Rune debated for a second or two. Her hand slipped to the trigger of the video camera. The lens was pointed directly at Nicole.
Looking off, Nicole said, "I don't mean to do anything bad. I don't want to hurt people. But, I mean, people came to see me and got killed in that theater. And maybe after one of my films some guy goes out and picks up a hooker and gets AIDS. That's terrible."
She looked at Rune, and the tears were coming steadily now. "These movies, the thing is, it's all I can do. I make love good. But I'm such a failure at anything else. I've tried. It doesn't work… It's such a hard feeling, to hate the one thing you're good at."
Rune touched Nicole's arm, but she did so carefully. She wanted to make sure her own hand didn't slip into the field of view of the whirring Sony.
The owner of the theater on Forty-seventh Street between Broadway and Eighth was a fifty-two-year-old Indian immigrant from Bombay who had come to this country twelve years earlier.

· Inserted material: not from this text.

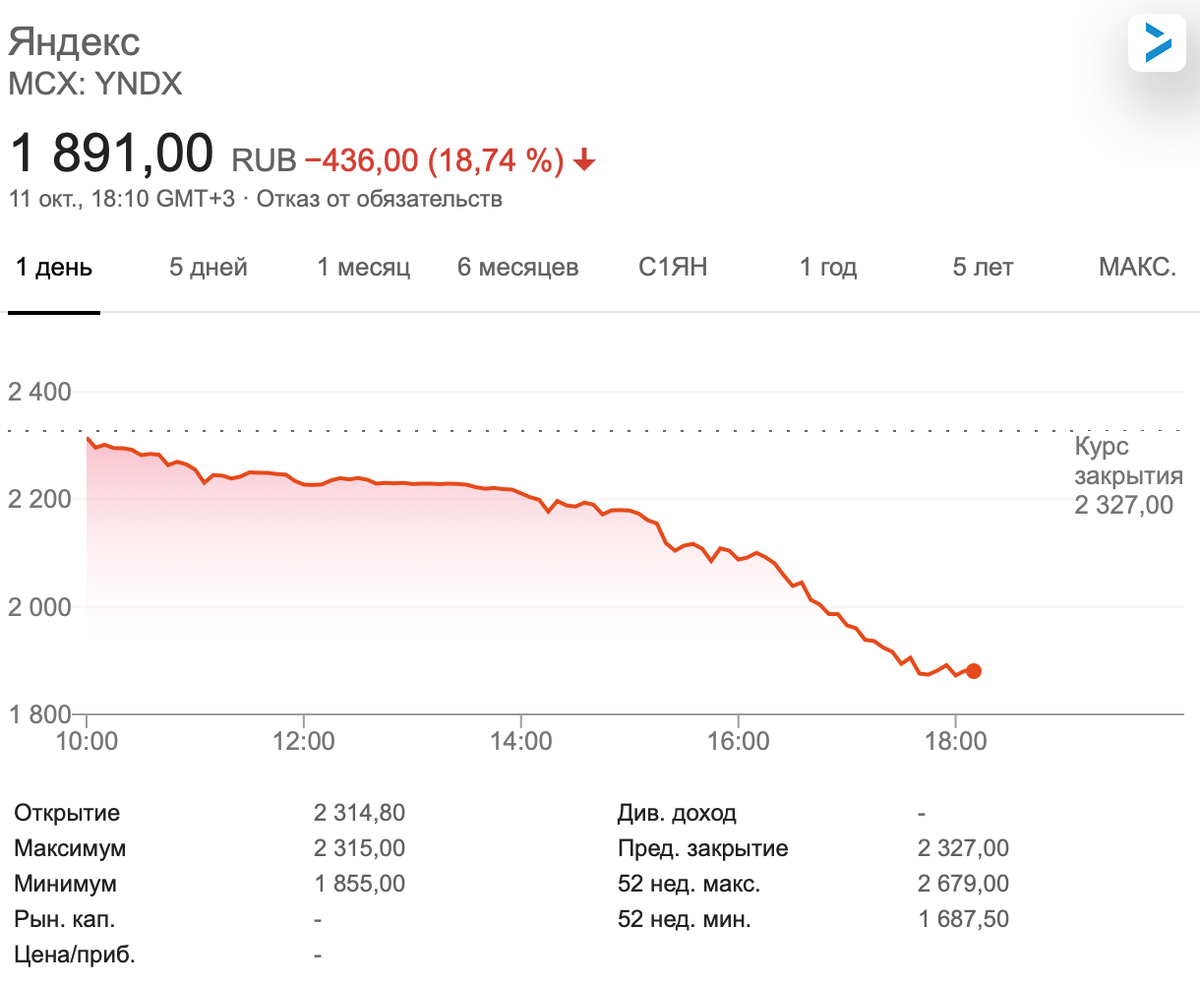 Yndx. Акции Яндекс. Акции компании Яндекс. График роста акций Яндекса. Динамика акций Яндекс.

He and his wife and children had worked hard at the small businesses he'd owned-first a newsstand, then a fast-food stand, then a shoe store in Queens. He'd made a bad investment, an electronics store in Brooklyn, and had lost most of the family nest egg. A year ago a friend had told him about a movie theater that was for sale. After some introductions and cumbersome negotiations and paying amazing sums to an attorney and an accountant, he'd bought out the lease and acquired the fixtures and what the lawyer called the theater's "goodwill," an asset he was completely unable to comprehend.

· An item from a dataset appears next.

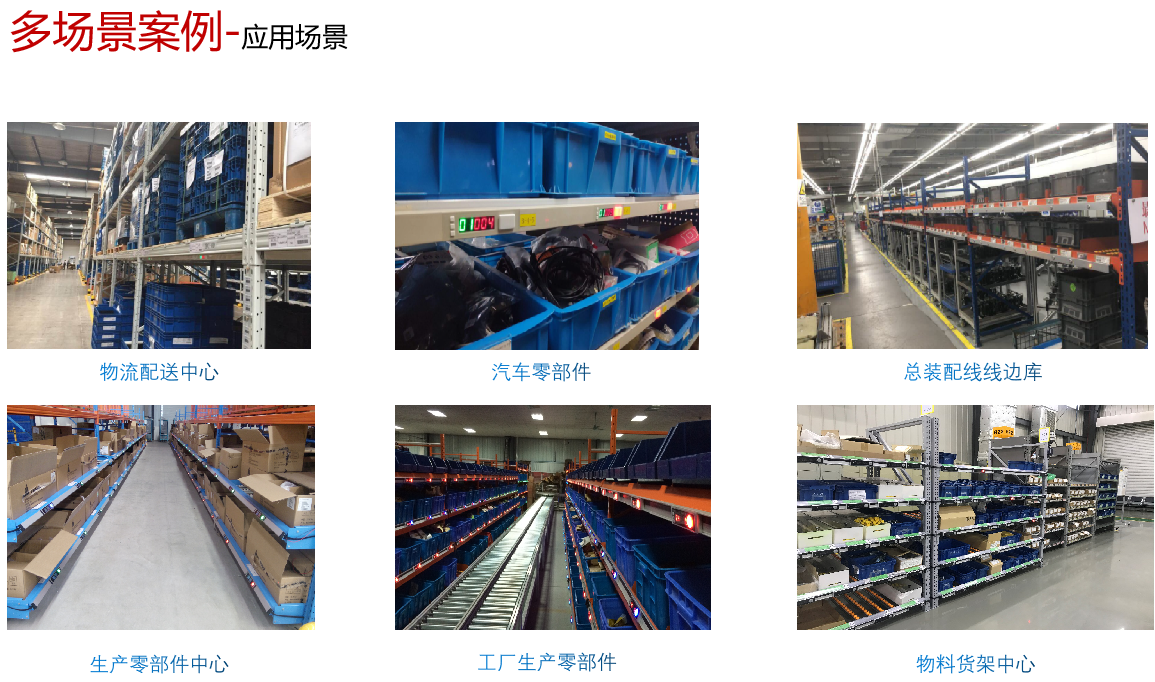 天傲智能倉儲貨架燈光揀選揀貨系統(tǒng)WMS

The diminutive man became the owner of the Pink Pussycat-an eight-hundred-seat movie theater in Times Square. Although at one time the theater used typical industry-standard 35mm dual projectors, all the movies were presently shown via a video projector, which was never quite in focus and gave the actors and actresses auras like fuzzy rainbows.
He had experimented with pricing, finding that the most he could charge during the day was $2.99, although after ten p.m. the price went up to $4.99. Since the theater, which was open twenty-four hours, doubled as an impromptu hotel for the homeless, he found that men were willing to cough up the extra two dollars so they could sleep to the earthy lullaby ofSex Kittens or Lust at First Bite.
There were no tickets. Patrons paid their money, refused the offered penny change and were clicked through a turnstile. They walked into the theater proper past a soda machine that had stopped working in 1978.
There was some cruising, despite warning signs about illegality and AIDS, but liaisons were discreet and the transvestites and the mostly black and Hispanic female hookers, who picked up twenty bucks for their halfhearted services, would usually take their clients up to the balcony, where even the vice cops didn't like to go.
Despite the unpleasant conditions the theater did make money. Rent was the highest expense. The owner and his wife (and an occasional cousin from the huge inventory of relatives overseas) took turns in the box office, thus keeping salary expenses down. And because of the video system they didn't need a union projectionist.
The owner also bypassed the largest expenses of movie theaters. Under the copyright laws he was supposed to pay license fees for each theatrical showing of a film-yes, even porn. This, however, he didn't do. He would buy three VHS cassettes for $14.95 each from an adult bookstore on Eighth Avenue, show the films for one week, then return them. The owner of the store, who happened to be a Pakistani immigrant, gave him a five-dollar credit for each film and then resold them for the full $14.95.
This was, of course, a violation of federal law, both civil and criminal, but neither the FBI nor the producers of the films had much inclination to go after a small business like his.
When the man considered the type of films that his theater showed, he was not particularly proud, but he wasn't much ashamed either. TheKama Sutra, after all, had been written in his native country. And personally he was no stranger to sex; he'd come from a family of twelve children and he and his wife had seven. No, his major embarrassment about the business was the low profit margin of the theater. He would have been much happier if his return on investment had been five or six percent higher.
Today the owner was sitting in the ticket booth, smoking and thinking of the lamb kurma that his wife would be making in their Queens apartment for dinner. He heard angry words coming from the theater. That was one thing that scared him-his patrons. There were a lot of crack smokers, a lot of men working on their third or fourth Foster's. These were big men and could have broken his neck before they even thought about it. He called the cops occasionally but he'd gotten their message: Unless somebody had a knife or a gun the police didn't want to be bothered.